*** TASK MATERIAL

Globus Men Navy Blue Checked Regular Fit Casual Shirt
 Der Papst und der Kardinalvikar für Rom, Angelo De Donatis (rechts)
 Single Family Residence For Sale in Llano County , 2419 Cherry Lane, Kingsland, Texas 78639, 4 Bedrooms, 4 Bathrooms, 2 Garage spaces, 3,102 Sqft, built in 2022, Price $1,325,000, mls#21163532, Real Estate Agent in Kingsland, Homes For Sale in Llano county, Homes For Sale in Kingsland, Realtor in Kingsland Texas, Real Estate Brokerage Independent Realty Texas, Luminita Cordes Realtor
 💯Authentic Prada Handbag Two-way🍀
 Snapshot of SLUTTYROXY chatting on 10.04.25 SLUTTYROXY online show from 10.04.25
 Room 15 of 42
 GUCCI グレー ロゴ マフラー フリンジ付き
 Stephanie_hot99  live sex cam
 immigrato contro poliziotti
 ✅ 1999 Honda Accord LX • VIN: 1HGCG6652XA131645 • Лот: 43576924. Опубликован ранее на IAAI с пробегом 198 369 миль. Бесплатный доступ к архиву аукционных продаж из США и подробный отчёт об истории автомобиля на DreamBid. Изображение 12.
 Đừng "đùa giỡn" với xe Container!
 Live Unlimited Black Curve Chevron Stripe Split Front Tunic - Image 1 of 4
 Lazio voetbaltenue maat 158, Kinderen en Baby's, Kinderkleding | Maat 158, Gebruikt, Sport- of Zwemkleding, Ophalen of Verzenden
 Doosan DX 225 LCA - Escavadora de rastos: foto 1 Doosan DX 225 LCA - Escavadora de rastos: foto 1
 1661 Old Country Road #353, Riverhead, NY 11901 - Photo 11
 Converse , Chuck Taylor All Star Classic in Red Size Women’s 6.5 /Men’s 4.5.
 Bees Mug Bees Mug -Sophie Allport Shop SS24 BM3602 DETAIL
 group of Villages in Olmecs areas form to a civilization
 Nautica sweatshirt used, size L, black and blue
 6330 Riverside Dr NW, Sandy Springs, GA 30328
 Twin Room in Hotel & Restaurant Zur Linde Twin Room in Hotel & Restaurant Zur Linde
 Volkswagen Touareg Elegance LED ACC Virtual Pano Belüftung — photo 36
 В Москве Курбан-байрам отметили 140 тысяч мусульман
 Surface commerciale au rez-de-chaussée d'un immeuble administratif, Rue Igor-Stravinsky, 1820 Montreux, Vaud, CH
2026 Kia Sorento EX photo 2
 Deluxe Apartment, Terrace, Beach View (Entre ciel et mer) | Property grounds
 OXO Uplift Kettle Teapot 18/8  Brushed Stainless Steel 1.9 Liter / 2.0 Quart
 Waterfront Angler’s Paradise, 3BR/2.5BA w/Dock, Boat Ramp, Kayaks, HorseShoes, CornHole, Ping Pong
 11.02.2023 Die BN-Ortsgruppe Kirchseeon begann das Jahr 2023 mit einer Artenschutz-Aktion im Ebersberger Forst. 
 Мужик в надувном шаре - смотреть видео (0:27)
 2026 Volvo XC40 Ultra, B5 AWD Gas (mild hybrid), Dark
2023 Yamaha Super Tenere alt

******

### YOUR GOAL
Copy out only the lines above from the one with "Room 15 of 42" to the one with "В Москве Курбан-байрам", inclusive, exactly as they stand.

### ANSWER TO THIS TASK
 Room 15 of 42
 GUCCI グレー ロゴ マフラー フリンジ付き
 Stephanie_hot99  live sex cam
 immigrato contro poliziotti
 ✅ 1999 Honda Accord LX • VIN: 1HGCG6652XA131645 • Лот: 43576924. Опубликован ранее на IAAI с пробегом 198 369 миль. Бесплатный доступ к архиву аукционных продаж из США и подробный отчёт об истории автомобиля на DreamBid. Изображение 12.
 Đừng "đùa giỡn" với xe Container!
 Live Unlimited Black Curve Chevron Stripe Split Front Tunic - Image 1 of 4
 Lazio voetbaltenue maat 158, Kinderen en Baby's, Kinderkleding | Maat 158, Gebruikt, Sport- of Zwemkleding, Ophalen of Verzenden
 Doosan DX 225 LCA - Escavadora de rastos: foto 1 Doosan DX 225 LCA - Escavadora de rastos: foto 1
 1661 Old Country Road #353, Riverhead, NY 11901 - Photo 11
 Converse , Chuck Taylor All Star Classic in Red Size Women’s 6.5 /Men’s 4.5.
 Bees Mug Bees Mug -Sophie Allport Shop SS24 BM3602 DETAIL
 group of Villages in Olmecs areas form to a civilization
 Nautica sweatshirt used, size L, black and blue
 6330 Riverside Dr NW, Sandy Springs, GA 30328
 Twin Room in Hotel & Restaurant Zur Linde Twin Room in Hotel & Restaurant Zur Linde
 Volkswagen Touareg Elegance LED ACC Virtual Pano Belüftung — photo 36
 В Москве Курбан-байрам отметили 140 тысяч мусульман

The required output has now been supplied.